Елена Петровна вспоминает подробности и рассказывает с удовольствием.
– Мы вместе с мужем обошли несколько магазинов и купили вот эту каракулевую шубу.
– Прекрасная шуба, – сказала я. – Сшита отлично и вам к лицу.
Елене Петровне было приятно, и мы, тут же чисто по-женски поделились на этот счет своими соображениями:
– Нередко мужчины говорят: женщины одеваются ради нас, чтобы нравиться нам, мужчинам. Как бы не так! Самое главное, чтобы ваш костюм был одобрен и похвален женщинами.

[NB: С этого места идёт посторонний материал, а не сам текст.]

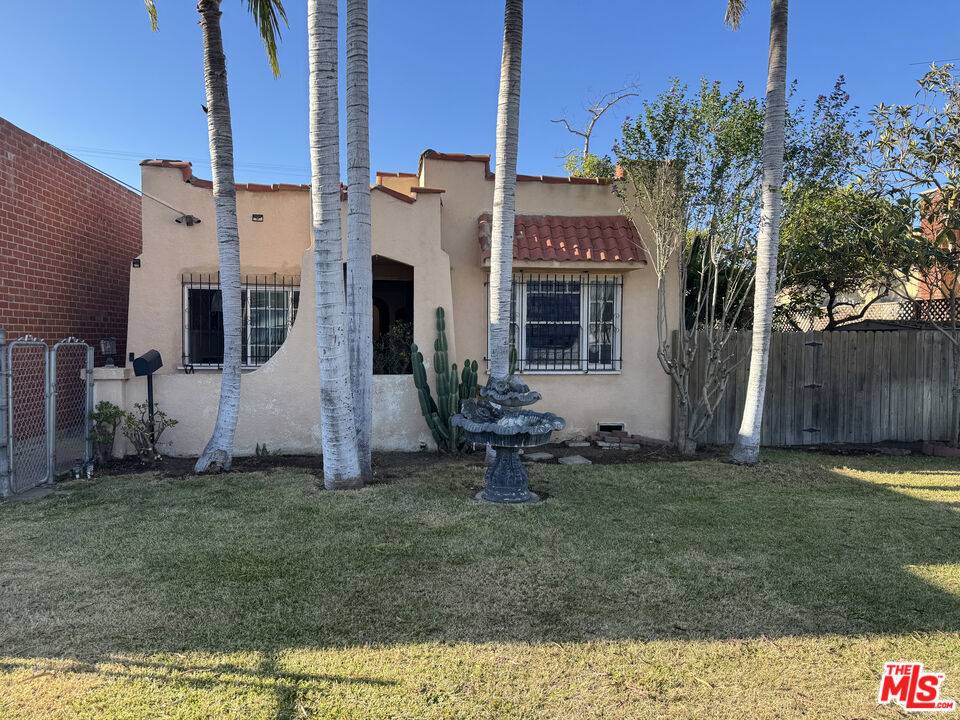 421 W Arbor Vitae ST, Inglewood, CA 90301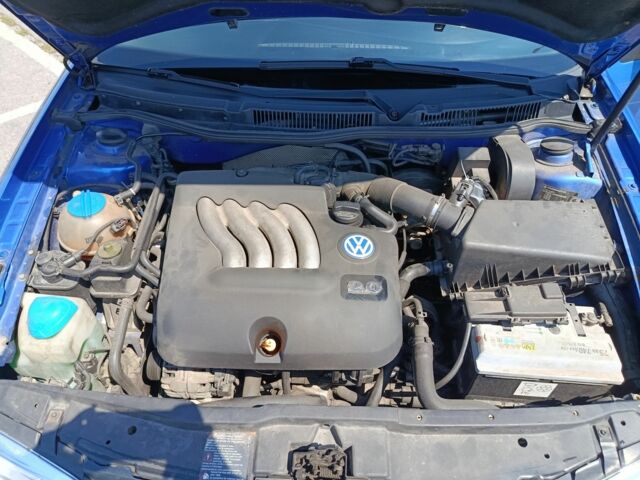 Синий Фольксваген Гольф, объемом двигателя 2 л и пробегом 198 тыс. км за 3950 $, фото 3 на Automoto.ua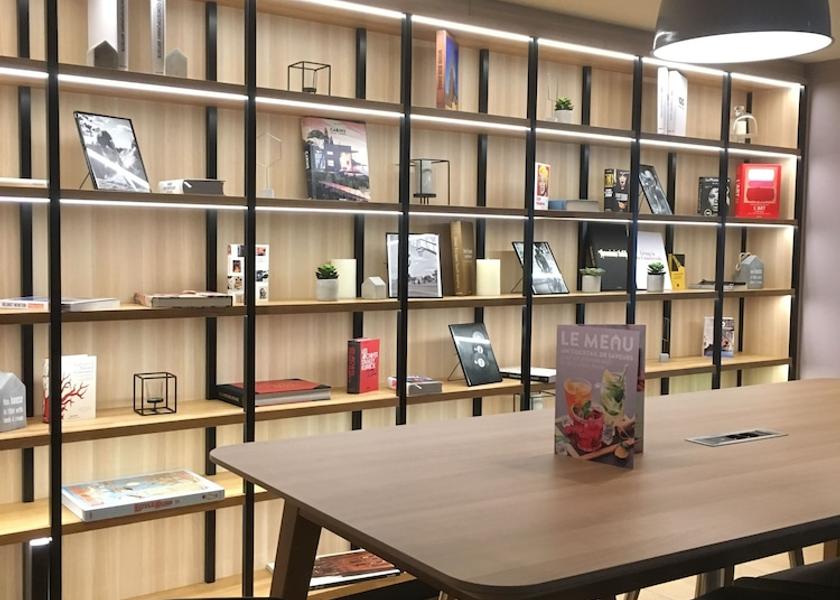 Ile-de-France Torcy Reception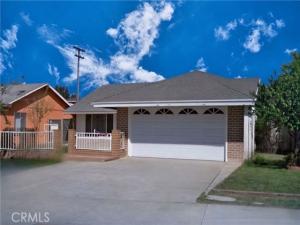 MLS #OC25266018 image #0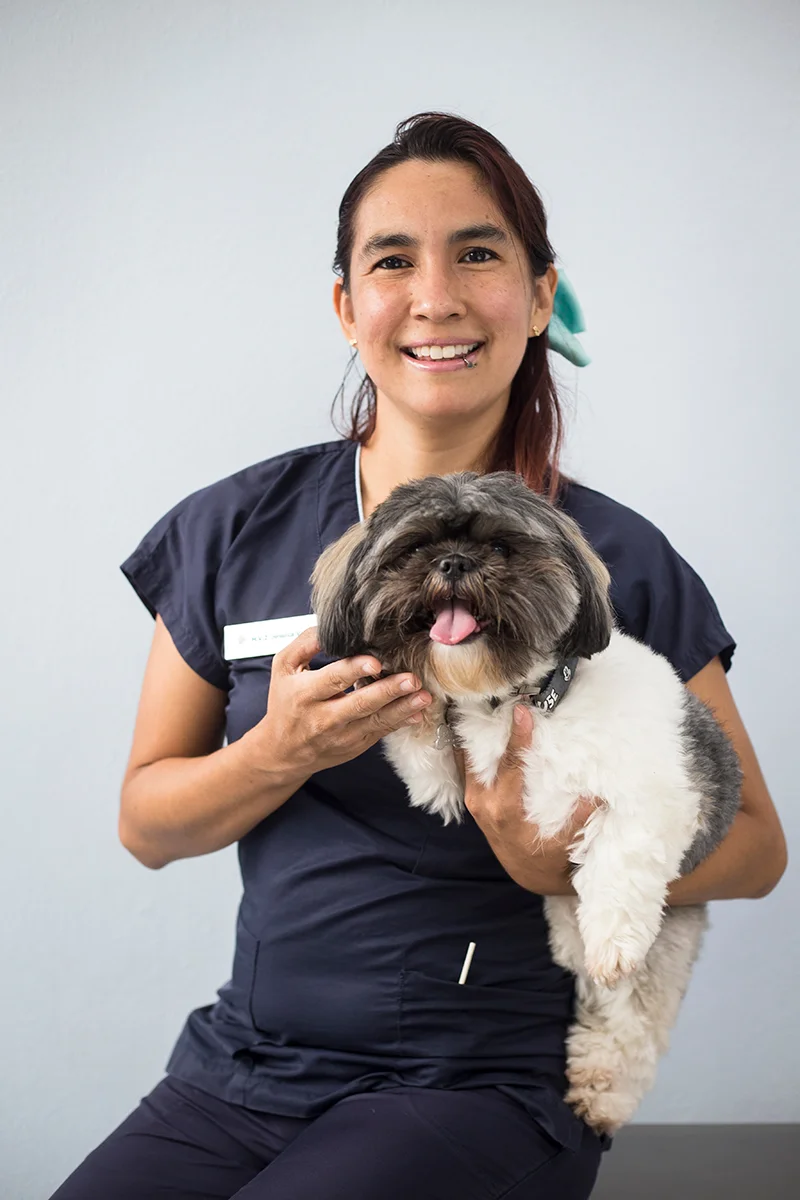 doctora-veterinaria-Jessica-Verduzco
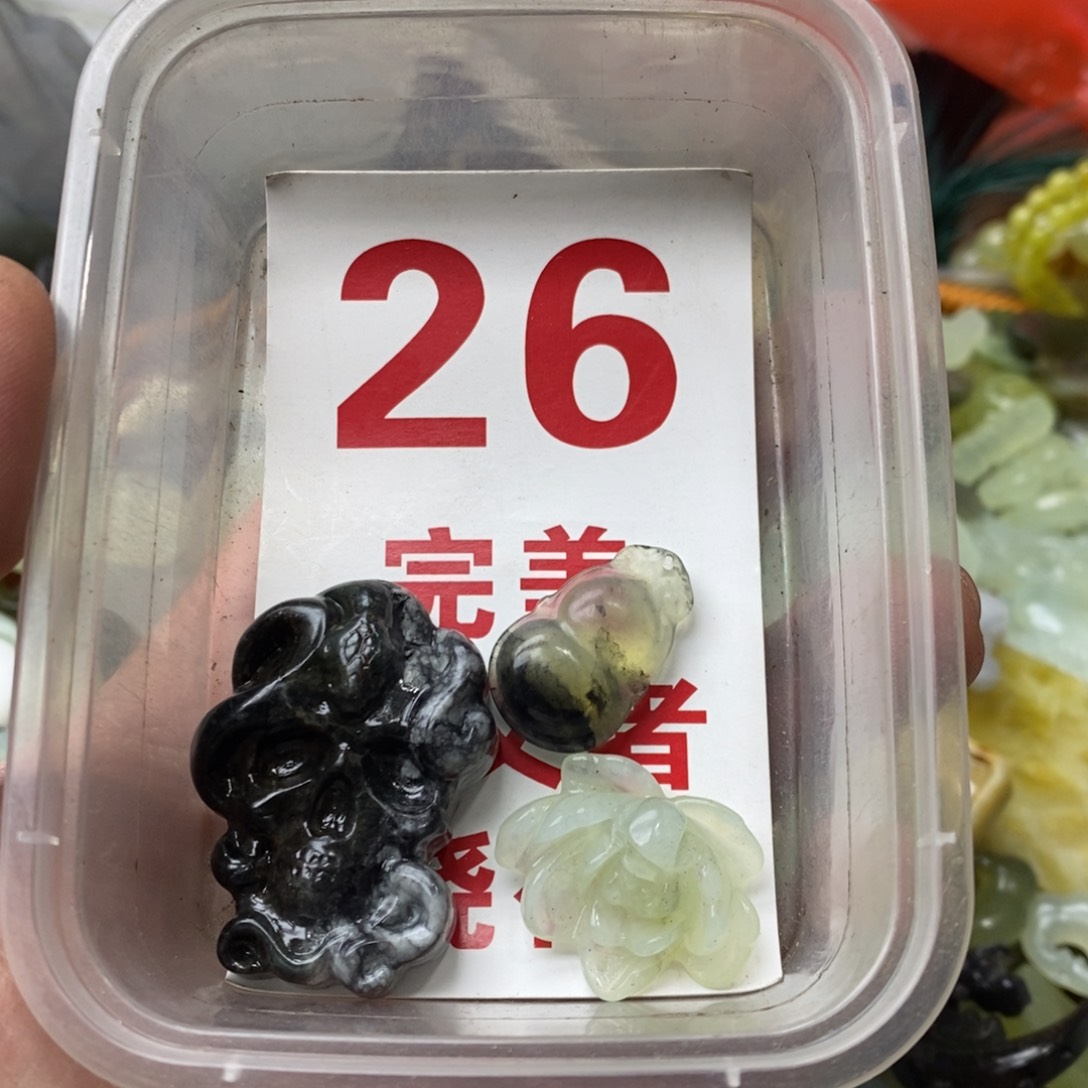 蛇纹石玉挂坠未镶嵌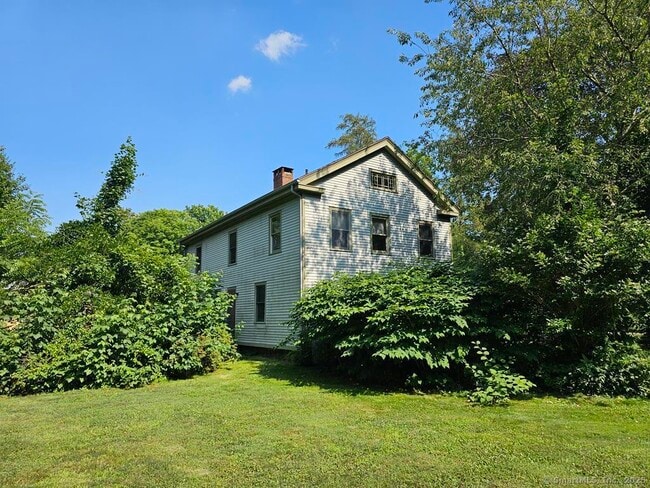 Building Photo - 33 Wildwood Ave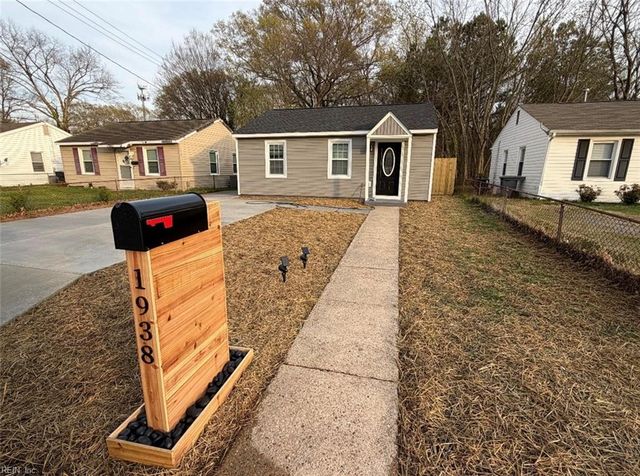 1938 Long Green LN, Hampton, VA 23663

А мужчины… Однажды я спросила у своего мужа: как была одета Зинаида Михайловна? Он сосредоточенно наморщил лоб и сказал: «На ней было что-то голубое…» – «Не может быть! Ведь ей же совсем не идет голубой цвет…» А на поверку вышло, что Зинаида Михайловна в коричневом платье сидела на голубом диване… Стоит ли после этого одеваться для людей, которые не отличают цвета обивки дивана от цвета женского платья!..
Мы с Еленой Петровной были довольны, что сошлись во мнениях по этому вопросу, и она продолжала:
– Мой муж поглядел на меня в обновке и сказал: «Леночка, ты всегда была милой и простой женщиной, а теперь с тобой и под руку-то идти боязно: прямо какая-то барыня!» Я чуть было не рассердилась: барыня, которая всю жизнь работала не покладая рук! Но уж очень у него было довольное лицо.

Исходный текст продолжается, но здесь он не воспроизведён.